O homem faz questão de ser visto, de estar cercado de bulha, de sorrisos embora
sem profundidade afetiva, sem o calor sincero das amizades, nessas áreas, sempre
superficiais e interesseiras. O medo de ser deixado em plano secundário, de não
ter para onde ir, com quem conversar, significaria ser desconsiderado. Atirado à
solidão.
Há uma terrível preocupação para ser visto, fotografado, comentado, vendendo
saúde, felicidade, mesmo que fictícia.
A conquista desse triunfo e a falta dele produzem solidão.
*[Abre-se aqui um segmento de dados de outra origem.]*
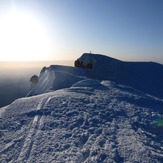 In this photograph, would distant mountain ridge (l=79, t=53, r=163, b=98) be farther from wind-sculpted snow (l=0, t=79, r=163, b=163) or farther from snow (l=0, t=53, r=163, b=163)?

O irreal, que esconde o caráter legítimo e as lídimas aspirações do ser, conduz
à psiconeurose de autodestruição.
A ausência do aplauso amargura, face ao conceito falso em torno do que se
considera, habitualmente como triunfo. Há terrível ânsia para ser-se amado, não
para conquistar o amor e amar, porém para ser objeto de prazer, mascarado de
afetividade. Dessa forma, no entanto, a pessoa se desama, não se torna amável
nem amada realmente.
Campeia, assim, o "medo da solidão", numa demonstração caótica de instabilidade
emocional do homem, que parece haver perdido o rumo, o equilíbrio.
O silêncio, o isolamento espontâneo, são muito saudáveis para o indivíduo,
podendo permitir-lhe reflexão, estudo, auto- aprimoramento, revisão de conceitos
perante a vida e a paz interior.
O sucesso, decantado como forma de felicidade, é, talvez, um dos maiores
responsáveis pela solidão profunda.
Os campeões de bilheteira, nos shows, nas rádios, televisões e cinemas, os
astros invejados, os reis dos esportes, dos negócios, cercam-se de fanáticos e
apaixonados, sem que se vejam livres da solidão.
Suicídios espetaculares, quedas escabrosas nos porões dos vícios e dos tóxicos
comprovam quanto eles são tristes e solitários. Eles sabem que o amor, com que
os cercam, traz, apenas, apelos de promoção pessoal dos mesmos que os envolvem,
e receiam os novos competidores que lhes ameaçam os tronos, impondo-lhes
terríveis ansiedades e inseguranças, que procuram esconder no álcool, nos
estimulantes e nos derivativos que os mantém sorridentes, quando gostariam de
chorar, quão inatingidos, quanto se sentem fracos e humanos.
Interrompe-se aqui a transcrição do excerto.